1. Advisors and accountants do not own the wealth - you set the goals. If you want to spend it or mismanage it, they are not going to stop you.

2. The wealthier you are, the more difficult it is to maintain the real value of your wealth, in general.

3. If you have 3 children, they have 3 children and so on, and you split your wealth equally among your children, even a billion turns into only 5 million within 5 generations - and that is if they manage to maintain its real value over time.

And if they do manage it cleverly and get to keep the real value of the wealth? Great! Society is better off, because that means they allocated capital productively within our society, making the economy more efficient.
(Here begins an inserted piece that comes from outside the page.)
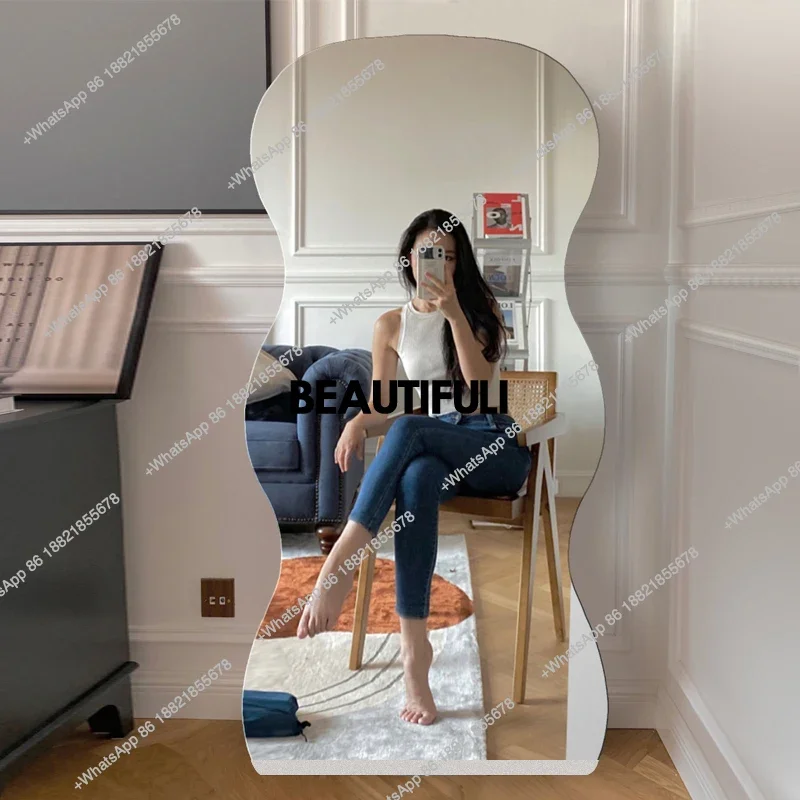 

Wave full-body mirror clothing store simple fitting floor-to-ceiling household full-length mirror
While this was quite common (money being squandered after several generations), it's not necessarily as common today among the ultra-rich. Among the upper middle class, yes, it's common to happen.

E.g. maintaining the "real value" is not as much of problem for people having tens of billions (as we increasingly see today). Even if the value drops, they're still multi-billionaires. And diversification strategies today span the globe.

And the "3 children inheritance diffusion" problem is easy to solve: rich people have less kids today than historically.

There's also that:

https://qz.com/694340/the-richest-families-in-florence-in-14...


1. If a family that gets wealthy, stays wealthy, that's great - the number of wealthy families can only go up, so over time there will be more and more wealthy families.

2. If, on the other hand, there is some survivorship bias going on there and wealth rotates a lot, and some members of wealthy families keep their wealth, that is not as good an outcome but it is still not so bad, as it suggests that as a family's culture degrades their wealth will likely degrade as well.